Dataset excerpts
◆ ◆ ◆ ◆

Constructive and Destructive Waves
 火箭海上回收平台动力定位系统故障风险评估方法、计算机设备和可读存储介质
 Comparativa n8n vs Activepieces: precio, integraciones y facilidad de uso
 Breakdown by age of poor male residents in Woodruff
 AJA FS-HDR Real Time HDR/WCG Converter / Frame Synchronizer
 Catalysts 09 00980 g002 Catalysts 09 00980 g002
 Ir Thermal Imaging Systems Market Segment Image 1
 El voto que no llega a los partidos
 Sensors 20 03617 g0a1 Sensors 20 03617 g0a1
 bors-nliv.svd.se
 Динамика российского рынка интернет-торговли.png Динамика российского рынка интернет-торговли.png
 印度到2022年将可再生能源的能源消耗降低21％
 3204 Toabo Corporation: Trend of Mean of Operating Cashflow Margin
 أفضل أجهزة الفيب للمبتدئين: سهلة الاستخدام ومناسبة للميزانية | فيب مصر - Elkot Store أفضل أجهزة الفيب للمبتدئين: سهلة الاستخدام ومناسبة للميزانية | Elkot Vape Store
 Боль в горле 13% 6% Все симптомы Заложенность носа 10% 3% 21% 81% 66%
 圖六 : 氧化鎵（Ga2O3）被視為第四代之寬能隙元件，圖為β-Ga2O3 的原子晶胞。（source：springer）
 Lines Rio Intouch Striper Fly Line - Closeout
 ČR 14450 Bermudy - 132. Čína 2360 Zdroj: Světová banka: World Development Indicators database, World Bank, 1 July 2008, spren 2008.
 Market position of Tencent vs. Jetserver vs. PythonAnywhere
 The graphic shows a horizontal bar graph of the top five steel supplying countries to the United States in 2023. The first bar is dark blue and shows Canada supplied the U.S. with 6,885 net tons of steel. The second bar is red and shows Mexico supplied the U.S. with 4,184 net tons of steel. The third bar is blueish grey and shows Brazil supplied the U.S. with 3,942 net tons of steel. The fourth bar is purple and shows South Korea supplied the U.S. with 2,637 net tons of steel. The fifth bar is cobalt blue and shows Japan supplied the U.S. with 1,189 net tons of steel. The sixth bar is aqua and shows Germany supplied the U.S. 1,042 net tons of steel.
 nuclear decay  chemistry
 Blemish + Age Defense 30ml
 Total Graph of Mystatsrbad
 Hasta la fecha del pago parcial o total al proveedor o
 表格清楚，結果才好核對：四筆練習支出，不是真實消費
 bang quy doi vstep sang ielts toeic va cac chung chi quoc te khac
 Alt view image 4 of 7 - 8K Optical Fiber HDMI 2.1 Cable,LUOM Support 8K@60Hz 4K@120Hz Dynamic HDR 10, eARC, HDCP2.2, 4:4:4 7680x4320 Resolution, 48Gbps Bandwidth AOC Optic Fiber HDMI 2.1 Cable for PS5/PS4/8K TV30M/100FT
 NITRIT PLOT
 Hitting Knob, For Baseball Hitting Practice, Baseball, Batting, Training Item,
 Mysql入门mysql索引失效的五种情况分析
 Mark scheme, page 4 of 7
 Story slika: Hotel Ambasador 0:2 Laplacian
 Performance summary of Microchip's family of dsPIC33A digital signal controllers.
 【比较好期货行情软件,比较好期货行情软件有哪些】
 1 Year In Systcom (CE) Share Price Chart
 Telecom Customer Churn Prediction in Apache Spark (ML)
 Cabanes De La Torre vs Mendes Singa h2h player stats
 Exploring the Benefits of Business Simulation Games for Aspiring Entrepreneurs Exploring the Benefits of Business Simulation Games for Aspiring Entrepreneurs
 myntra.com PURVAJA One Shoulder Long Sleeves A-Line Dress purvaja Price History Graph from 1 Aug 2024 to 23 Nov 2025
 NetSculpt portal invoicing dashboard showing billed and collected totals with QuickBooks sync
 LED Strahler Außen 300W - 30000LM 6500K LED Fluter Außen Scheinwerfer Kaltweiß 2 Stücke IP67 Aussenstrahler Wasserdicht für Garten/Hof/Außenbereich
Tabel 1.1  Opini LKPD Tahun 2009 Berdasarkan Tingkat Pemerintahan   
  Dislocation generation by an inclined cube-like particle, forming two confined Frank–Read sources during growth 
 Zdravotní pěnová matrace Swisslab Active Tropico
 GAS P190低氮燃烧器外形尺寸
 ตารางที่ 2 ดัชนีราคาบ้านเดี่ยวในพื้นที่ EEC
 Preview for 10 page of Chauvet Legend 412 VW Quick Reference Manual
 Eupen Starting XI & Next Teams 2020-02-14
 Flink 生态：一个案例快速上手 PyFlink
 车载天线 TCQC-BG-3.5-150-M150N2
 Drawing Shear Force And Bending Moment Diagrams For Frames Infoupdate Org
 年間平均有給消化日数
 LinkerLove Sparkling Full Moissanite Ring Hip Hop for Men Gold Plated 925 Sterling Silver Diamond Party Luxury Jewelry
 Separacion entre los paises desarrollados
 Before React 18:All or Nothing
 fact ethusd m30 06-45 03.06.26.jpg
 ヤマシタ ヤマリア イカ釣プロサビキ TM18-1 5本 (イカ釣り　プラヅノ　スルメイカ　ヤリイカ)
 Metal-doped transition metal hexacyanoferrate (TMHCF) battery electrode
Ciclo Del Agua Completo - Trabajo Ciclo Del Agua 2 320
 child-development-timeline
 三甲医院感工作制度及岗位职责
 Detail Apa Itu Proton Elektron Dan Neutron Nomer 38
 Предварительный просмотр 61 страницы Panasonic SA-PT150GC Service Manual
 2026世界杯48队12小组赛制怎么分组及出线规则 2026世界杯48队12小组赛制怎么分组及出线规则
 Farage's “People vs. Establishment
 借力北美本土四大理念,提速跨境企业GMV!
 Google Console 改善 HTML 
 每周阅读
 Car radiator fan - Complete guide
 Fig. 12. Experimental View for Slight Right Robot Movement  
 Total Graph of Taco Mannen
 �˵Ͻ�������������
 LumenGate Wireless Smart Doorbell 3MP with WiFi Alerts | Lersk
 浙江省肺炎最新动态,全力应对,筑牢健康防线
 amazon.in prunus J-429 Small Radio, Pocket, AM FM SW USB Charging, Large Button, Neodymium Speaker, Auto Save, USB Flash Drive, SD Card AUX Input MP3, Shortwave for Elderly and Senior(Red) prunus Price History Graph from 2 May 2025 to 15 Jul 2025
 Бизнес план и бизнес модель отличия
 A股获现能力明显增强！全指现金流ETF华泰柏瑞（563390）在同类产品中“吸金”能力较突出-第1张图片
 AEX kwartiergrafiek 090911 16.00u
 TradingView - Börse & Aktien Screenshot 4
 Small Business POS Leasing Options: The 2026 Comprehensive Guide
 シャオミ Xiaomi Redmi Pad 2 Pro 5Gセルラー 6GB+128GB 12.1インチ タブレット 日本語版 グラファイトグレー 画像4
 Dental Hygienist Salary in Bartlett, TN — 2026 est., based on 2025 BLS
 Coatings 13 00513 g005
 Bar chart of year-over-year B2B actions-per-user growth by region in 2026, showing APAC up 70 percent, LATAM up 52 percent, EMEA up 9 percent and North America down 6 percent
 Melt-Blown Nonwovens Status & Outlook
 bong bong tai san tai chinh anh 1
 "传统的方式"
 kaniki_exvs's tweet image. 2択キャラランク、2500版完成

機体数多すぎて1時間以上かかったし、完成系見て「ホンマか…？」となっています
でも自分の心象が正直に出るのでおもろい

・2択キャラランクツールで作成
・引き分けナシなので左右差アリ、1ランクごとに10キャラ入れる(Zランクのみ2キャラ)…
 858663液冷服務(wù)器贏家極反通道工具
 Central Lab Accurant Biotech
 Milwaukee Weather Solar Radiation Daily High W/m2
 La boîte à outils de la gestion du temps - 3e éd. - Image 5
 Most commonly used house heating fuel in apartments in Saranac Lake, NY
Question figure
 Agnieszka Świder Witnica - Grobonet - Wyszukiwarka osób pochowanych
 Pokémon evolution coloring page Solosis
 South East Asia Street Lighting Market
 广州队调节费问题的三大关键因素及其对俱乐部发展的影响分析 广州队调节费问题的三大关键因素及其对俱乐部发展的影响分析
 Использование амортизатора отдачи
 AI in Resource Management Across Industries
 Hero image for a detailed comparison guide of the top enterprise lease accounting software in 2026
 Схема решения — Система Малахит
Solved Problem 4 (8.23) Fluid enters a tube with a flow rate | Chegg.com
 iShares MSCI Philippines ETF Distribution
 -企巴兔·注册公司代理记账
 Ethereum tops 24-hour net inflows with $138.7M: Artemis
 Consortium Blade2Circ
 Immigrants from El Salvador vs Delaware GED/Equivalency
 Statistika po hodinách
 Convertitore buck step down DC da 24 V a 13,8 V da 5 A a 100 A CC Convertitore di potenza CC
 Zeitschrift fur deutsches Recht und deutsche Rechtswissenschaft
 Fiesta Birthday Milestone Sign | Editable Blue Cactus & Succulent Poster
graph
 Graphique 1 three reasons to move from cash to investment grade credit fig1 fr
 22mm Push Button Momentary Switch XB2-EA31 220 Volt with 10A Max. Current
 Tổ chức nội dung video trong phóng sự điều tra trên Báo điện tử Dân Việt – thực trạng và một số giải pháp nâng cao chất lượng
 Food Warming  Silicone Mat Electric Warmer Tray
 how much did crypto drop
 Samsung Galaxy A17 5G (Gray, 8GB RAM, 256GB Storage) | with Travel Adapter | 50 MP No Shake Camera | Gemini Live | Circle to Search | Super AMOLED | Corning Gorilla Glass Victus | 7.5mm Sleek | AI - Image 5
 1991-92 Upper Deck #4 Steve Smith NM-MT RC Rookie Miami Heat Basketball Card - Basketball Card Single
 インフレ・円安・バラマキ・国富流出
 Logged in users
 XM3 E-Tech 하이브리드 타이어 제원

◆ ◆ ◆ ◆

Look above for the line holding "印度到2022年将可再生能源的能源消耗降低21％" and the line holding "Mark scheme, page 4 of 7", then output exactly those two lines and every line between them, nothing more.

• _RESPONSE BOX_:
 印度到2022年将可再生能源的能源消耗降低21％
 3204 Toabo Corporation: Trend of Mean of Operating Cashflow Margin
 أفضل أجهزة الفيب للمبتدئين: سهلة الاستخدام ومناسبة للميزانية | فيب مصر - Elkot Store أفضل أجهزة الفيب للمبتدئين: سهلة الاستخدام ومناسبة للميزانية | Elkot Vape Store
 Боль в горле 13% 6% Все симптомы Заложенность носа 10% 3% 21% 81% 66%
 圖六 : 氧化鎵（Ga2O3）被視為第四代之寬能隙元件，圖為β-Ga2O3 的原子晶胞。（source：springer）
 Lines Rio Intouch Striper Fly Line - Closeout
 ČR 14450 Bermudy - 132. Čína 2360 Zdroj: Světová banka: World Development Indicators database, World Bank, 1 July 2008, spren 2008.
 Market position of Tencent vs. Jetserver vs. PythonAnywhere
 The graphic shows a horizontal bar graph of the top five steel supplying countries to the United States in 2023. The first bar is dark blue and shows Canada supplied the U.S. with 6,885 net tons of steel. The second bar is red and shows Mexico supplied the U.S. with 4,184 net tons of steel. The third bar is blueish grey and shows Brazil supplied the U.S. with 3,942 net tons of steel. The fourth bar is purple and shows South Korea supplied the U.S. with 2,637 net tons of steel. The fifth bar is cobalt blue and shows Japan supplied the U.S. with 1,189 net tons of steel. The sixth bar is aqua and shows Germany supplied the U.S. 1,042 net tons of steel.
 nuclear decay  chemistry
 Blemish + Age Defense 30ml
 Total Graph of Mystatsrbad
 Hasta la fecha del pago parcial o total al proveedor o
 表格清楚，結果才好核對：四筆練習支出，不是真實消費
 bang quy doi vstep sang ielts toeic va cac chung chi quoc te khac
 Alt view image 4 of 7 - 8K Optical Fiber HDMI 2.1 Cable,LUOM Support 8K@60Hz 4K@120Hz Dynamic HDR 10, eARC, HDCP2.2, 4:4:4 7680x4320 Resolution, 48Gbps Bandwidth AOC Optic Fiber HDMI 2.1 Cable for PS5/PS4/8K TV30M/100FT
 NITRIT PLOT
 Hitting Knob, For Baseball Hitting Practice, Baseball, Batting, Training Item,
 Mysql入门mysql索引失效的五种情况分析
 Mark scheme, page 4 of 7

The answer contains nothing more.